EXERCISE AIM
Set down the whole listing that follows, precisely as written.

DATA IN THIS EXERCISE
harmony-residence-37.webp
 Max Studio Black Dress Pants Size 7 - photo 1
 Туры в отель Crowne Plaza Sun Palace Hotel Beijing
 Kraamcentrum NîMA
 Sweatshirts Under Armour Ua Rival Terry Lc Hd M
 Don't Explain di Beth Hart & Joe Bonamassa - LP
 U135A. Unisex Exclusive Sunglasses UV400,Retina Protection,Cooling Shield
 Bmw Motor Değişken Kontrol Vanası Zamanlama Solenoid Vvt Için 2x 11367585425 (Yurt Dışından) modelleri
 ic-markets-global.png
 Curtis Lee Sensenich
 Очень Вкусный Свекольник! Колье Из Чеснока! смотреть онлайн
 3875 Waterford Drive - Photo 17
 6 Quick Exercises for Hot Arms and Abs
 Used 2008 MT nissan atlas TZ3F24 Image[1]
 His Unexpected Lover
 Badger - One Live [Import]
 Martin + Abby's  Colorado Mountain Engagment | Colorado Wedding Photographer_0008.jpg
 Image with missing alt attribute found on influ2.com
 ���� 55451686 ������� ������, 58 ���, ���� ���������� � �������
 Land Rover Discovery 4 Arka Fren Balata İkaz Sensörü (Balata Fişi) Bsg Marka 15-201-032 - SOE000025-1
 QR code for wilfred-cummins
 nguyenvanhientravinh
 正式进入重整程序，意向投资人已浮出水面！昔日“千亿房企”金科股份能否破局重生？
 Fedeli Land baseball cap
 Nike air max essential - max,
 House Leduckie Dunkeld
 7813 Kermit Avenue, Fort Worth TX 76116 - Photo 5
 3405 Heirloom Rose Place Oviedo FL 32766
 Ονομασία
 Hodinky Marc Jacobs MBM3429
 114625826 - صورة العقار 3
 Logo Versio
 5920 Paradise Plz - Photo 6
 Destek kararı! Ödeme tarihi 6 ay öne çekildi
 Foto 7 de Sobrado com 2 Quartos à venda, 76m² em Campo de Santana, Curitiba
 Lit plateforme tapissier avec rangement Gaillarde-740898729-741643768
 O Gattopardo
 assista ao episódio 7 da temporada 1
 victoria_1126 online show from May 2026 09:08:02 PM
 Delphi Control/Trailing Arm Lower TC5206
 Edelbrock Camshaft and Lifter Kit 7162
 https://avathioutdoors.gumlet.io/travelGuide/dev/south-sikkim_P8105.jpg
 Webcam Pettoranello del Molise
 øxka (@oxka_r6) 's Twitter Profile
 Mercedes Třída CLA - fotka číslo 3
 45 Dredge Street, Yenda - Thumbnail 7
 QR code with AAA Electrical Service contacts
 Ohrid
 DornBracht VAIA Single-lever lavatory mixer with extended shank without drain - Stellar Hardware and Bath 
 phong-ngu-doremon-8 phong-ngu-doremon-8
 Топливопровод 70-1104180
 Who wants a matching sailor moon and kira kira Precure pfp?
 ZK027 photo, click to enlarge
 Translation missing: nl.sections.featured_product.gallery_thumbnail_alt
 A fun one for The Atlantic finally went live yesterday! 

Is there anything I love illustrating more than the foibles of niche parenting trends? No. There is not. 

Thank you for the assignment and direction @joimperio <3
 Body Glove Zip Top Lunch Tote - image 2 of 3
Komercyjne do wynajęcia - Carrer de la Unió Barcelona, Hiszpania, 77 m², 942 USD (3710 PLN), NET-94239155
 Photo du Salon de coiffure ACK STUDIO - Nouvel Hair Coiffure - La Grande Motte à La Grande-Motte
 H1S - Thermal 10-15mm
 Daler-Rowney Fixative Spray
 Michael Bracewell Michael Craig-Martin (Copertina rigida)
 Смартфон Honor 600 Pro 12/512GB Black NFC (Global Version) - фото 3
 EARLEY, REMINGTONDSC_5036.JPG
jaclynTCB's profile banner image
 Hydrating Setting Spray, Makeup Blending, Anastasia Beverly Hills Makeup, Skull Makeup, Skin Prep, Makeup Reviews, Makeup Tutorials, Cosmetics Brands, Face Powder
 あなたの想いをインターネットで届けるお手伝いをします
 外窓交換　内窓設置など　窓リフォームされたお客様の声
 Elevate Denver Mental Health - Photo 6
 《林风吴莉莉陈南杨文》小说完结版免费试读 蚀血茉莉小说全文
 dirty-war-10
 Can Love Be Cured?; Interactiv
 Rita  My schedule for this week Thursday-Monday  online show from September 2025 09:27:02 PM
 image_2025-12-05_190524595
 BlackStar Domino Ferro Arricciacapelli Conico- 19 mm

WRITTEN SOLUTION
harmony-residence-37.webp
 Max Studio Black Dress Pants Size 7 - photo 1
 Туры в отель Crowne Plaza Sun Palace Hotel Beijing
 Kraamcentrum NîMA
 Sweatshirts Under Armour Ua Rival Terry Lc Hd M
 Don't Explain di Beth Hart & Joe Bonamassa - LP
 U135A. Unisex Exclusive Sunglasses UV400,Retina Protection,Cooling Shield
 Bmw Motor Değişken Kontrol Vanası Zamanlama Solenoid Vvt Için 2x 11367585425 (Yurt Dışından) modelleri
 ic-markets-global.png
 Curtis Lee Sensenich
 Очень Вкусный Свекольник! Колье Из Чеснока! смотреть онлайн
 3875 Waterford Drive - Photo 17
 6 Quick Exercises for Hot Arms and Abs
 Used 2008 MT nissan atlas TZ3F24 Image[1]
 His Unexpected Lover
 Badger - One Live [Import]
 Martin + Abby's  Colorado Mountain Engagment | Colorado Wedding Photographer_0008.jpg
 Image with missing alt attribute found on influ2.com
 ���� 55451686 ������� ������, 58 ���, ���� ���������� � �������
 Land Rover Discovery 4 Arka Fren Balata İkaz Sensörü (Balata Fişi) Bsg Marka 15-201-032 - SOE000025-1
 QR code for wilfred-cummins
 nguyenvanhientravinh
 正式进入重整程序，意向投资人已浮出水面！昔日“千亿房企”金科股份能否破局重生？
 Fedeli Land baseball cap
 Nike air max essential - max,
 House Leduckie Dunkeld
 7813 Kermit Avenue, Fort Worth TX 76116 - Photo 5
 3405 Heirloom Rose Place Oviedo FL 32766
 Ονομασία
 Hodinky Marc Jacobs MBM3429
 114625826 - صورة العقار 3
 Logo Versio
 5920 Paradise Plz - Photo 6
 Destek kararı! Ödeme tarihi 6 ay öne çekildi
 Foto 7 de Sobrado com 2 Quartos à venda, 76m² em Campo de Santana, Curitiba
 Lit plateforme tapissier avec rangement Gaillarde-740898729-741643768
 O Gattopardo
 assista ao episódio 7 da temporada 1
 victoria_1126 online show from May 2026 09:08:02 PM
 Delphi Control/Trailing Arm Lower TC5206
 Edelbrock Camshaft and Lifter Kit 7162
 https://avathioutdoors.gumlet.io/travelGuide/dev/south-sikkim_P8105.jpg
 Webcam Pettoranello del Molise
 øxka (@oxka_r6) 's Twitter Profile
 Mercedes Třída CLA - fotka číslo 3
 45 Dredge Street, Yenda - Thumbnail 7
 QR code with AAA Electrical Service contacts
 Ohrid
 DornBracht VAIA Single-lever lavatory mixer with extended shank without drain - Stellar Hardware and Bath 
 phong-ngu-doremon-8 phong-ngu-doremon-8
 Топливопровод 70-1104180
 Who wants a matching sailor moon and kira kira Precure pfp?
 ZK027 photo, click to enlarge
 Translation missing: nl.sections.featured_product.gallery_thumbnail_alt
 A fun one for The Atlantic finally went live yesterday! 

Is there anything I love illustrating more than the foibles of niche parenting trends? No. There is not. 

Thank you for the assignment and direction @joimperio <3
 Body Glove Zip Top Lunch Tote - image 2 of 3
Komercyjne do wynajęcia - Carrer de la Unió Barcelona, Hiszpania, 77 m², 942 USD (3710 PLN), NET-94239155
 Photo du Salon de coiffure ACK STUDIO - Nouvel Hair Coiffure - La Grande Motte à La Grande-Motte
 H1S - Thermal 10-15mm
 Daler-Rowney Fixative Spray
 Michael Bracewell Michael Craig-Martin (Copertina rigida)
 Смартфон Honor 600 Pro 12/512GB Black NFC (Global Version) - фото 3
 EARLEY, REMINGTONDSC_5036.JPG
jaclynTCB's profile banner image
 Hydrating Setting Spray, Makeup Blending, Anastasia Beverly Hills Makeup, Skull Makeup, Skin Prep, Makeup Reviews, Makeup Tutorials, Cosmetics Brands, Face Powder
 あなたの想いをインターネットで届けるお手伝いをします
 外窓交換　内窓設置など　窓リフォームされたお客様の声
 Elevate Denver Mental Health - Photo 6
 《林风吴莉莉陈南杨文》小说完结版免费试读 蚀血茉莉小说全文
 dirty-war-10
 Can Love Be Cured?; Interactiv
 Rita  My schedule for this week Thursday-Monday  online show from September 2025 09:27:02 PM
 image_2025-12-05_190524595
 BlackStar Domino Ferro Arricciacapelli Conico- 19 mm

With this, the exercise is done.